--- Records for the exercise Enclosed Below ---

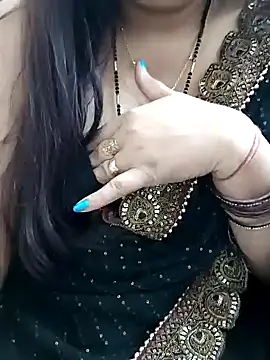 Snapshot of Mayuri77 chatting on 02.04.25 Mayuri77 online show from 02.04.25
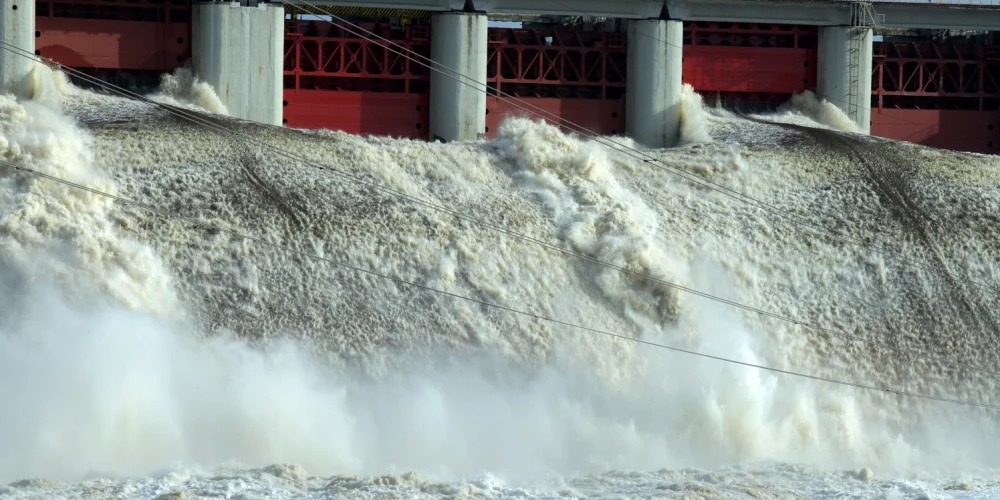 Принадлежащая концерну Latvenergo Плявинская ГЭС кует экономическую мощь страны с помощью воды из Даугавы.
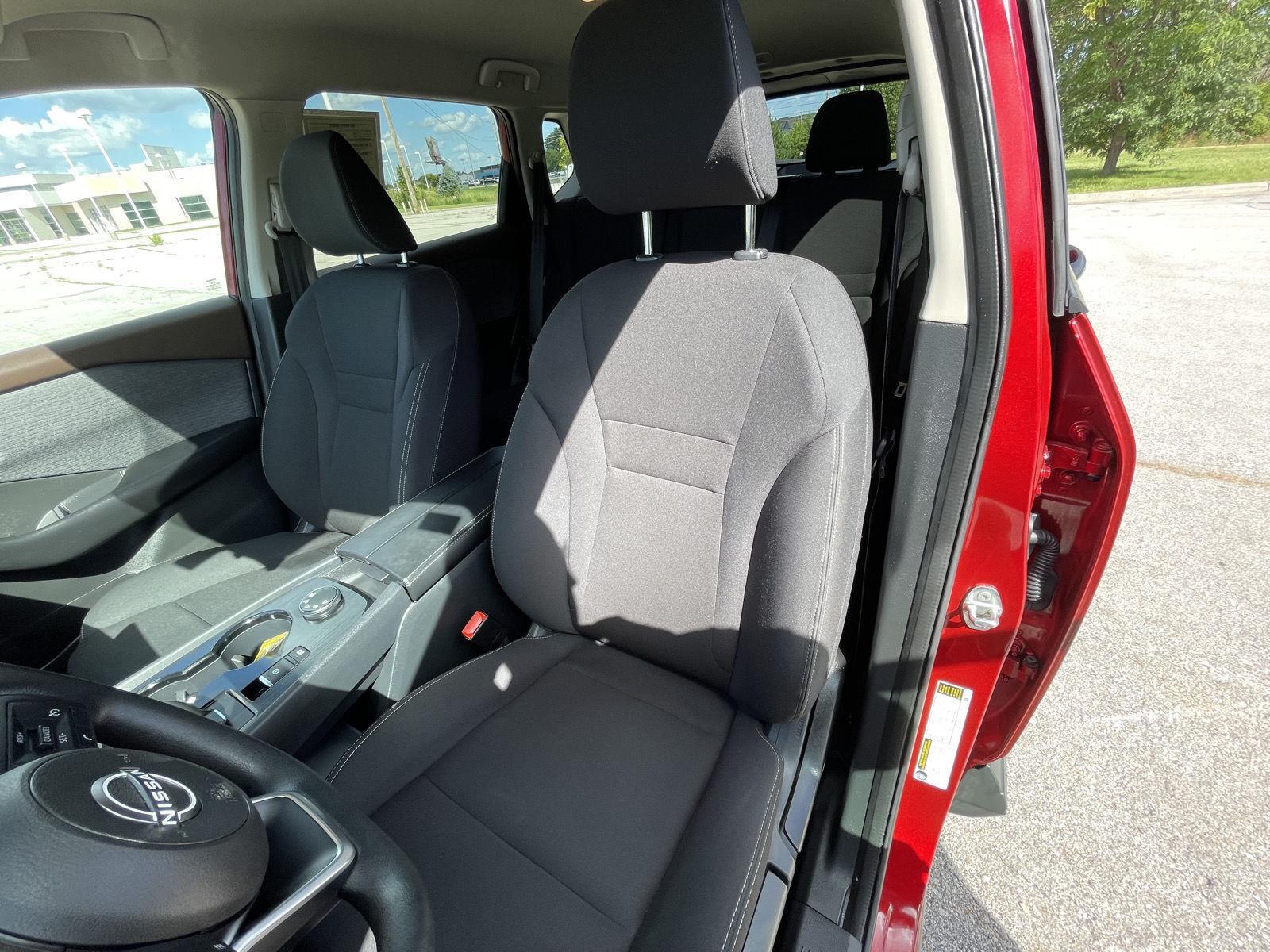 Vehicle photo 18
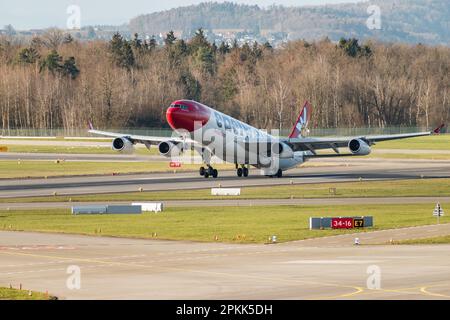 Zurich, Suisse, 2 janvier 2023 l'Airbus A340-313X Edelweiss sort de la piste 16 Banque D'Images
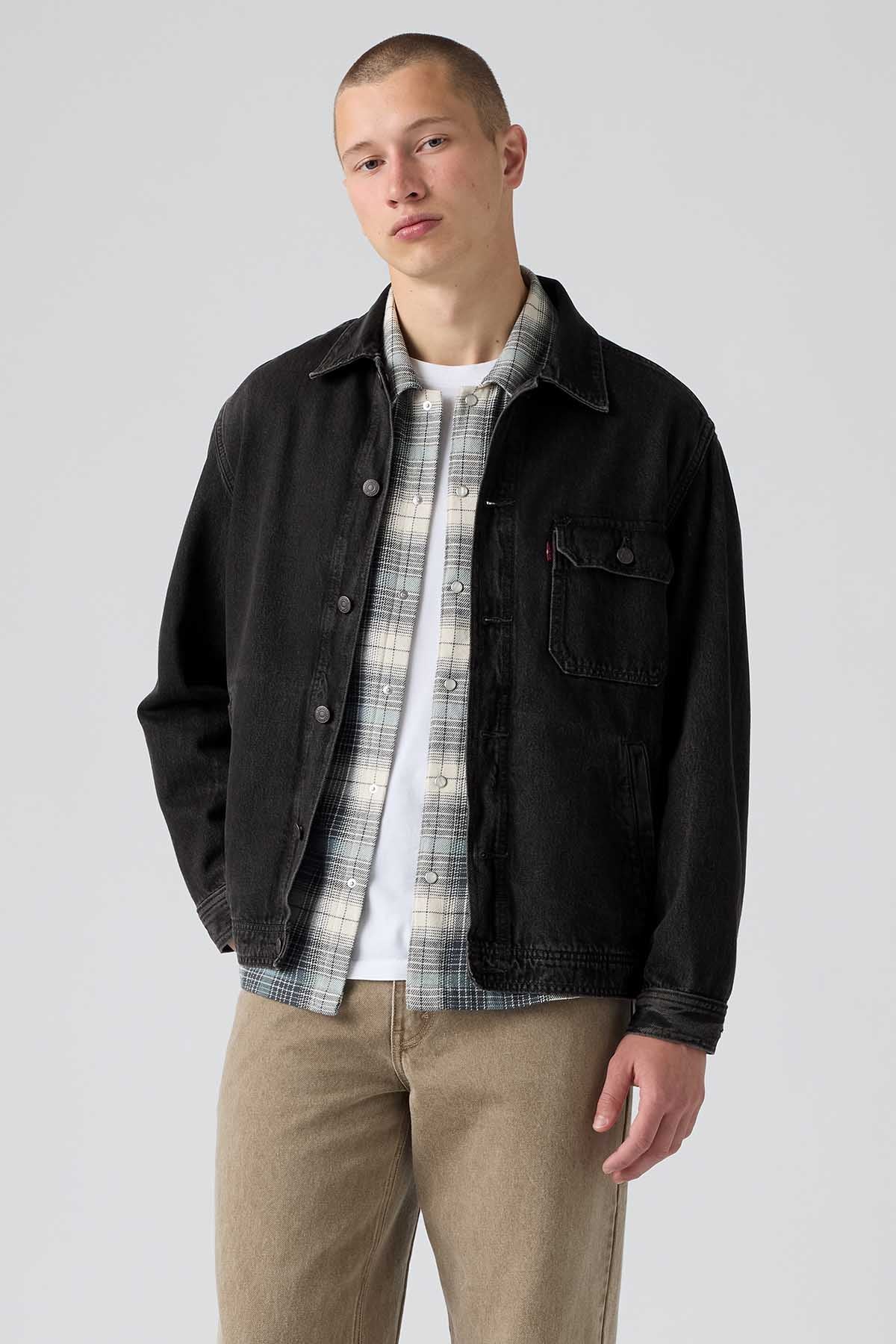 Levi's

--- End of Enclosed Records for the exercise ---

• **Work order**
Above are the records; transcribe them exactly without the pictures.

• **Result of the task**
 Snapshot of Mayuri77 chatting on 02.04.25 Mayuri77 online show from 02.04.25
 Принадлежащая концерну Latvenergo Плявинская ГЭС кует экономическую мощь страны с помощью воды из Даугавы.
 Vehicle photo 18
 Zurich, Suisse, 2 janvier 2023 l'Airbus A340-313X Edelweiss sort de la piste 16 Banque D'Images
 Levi's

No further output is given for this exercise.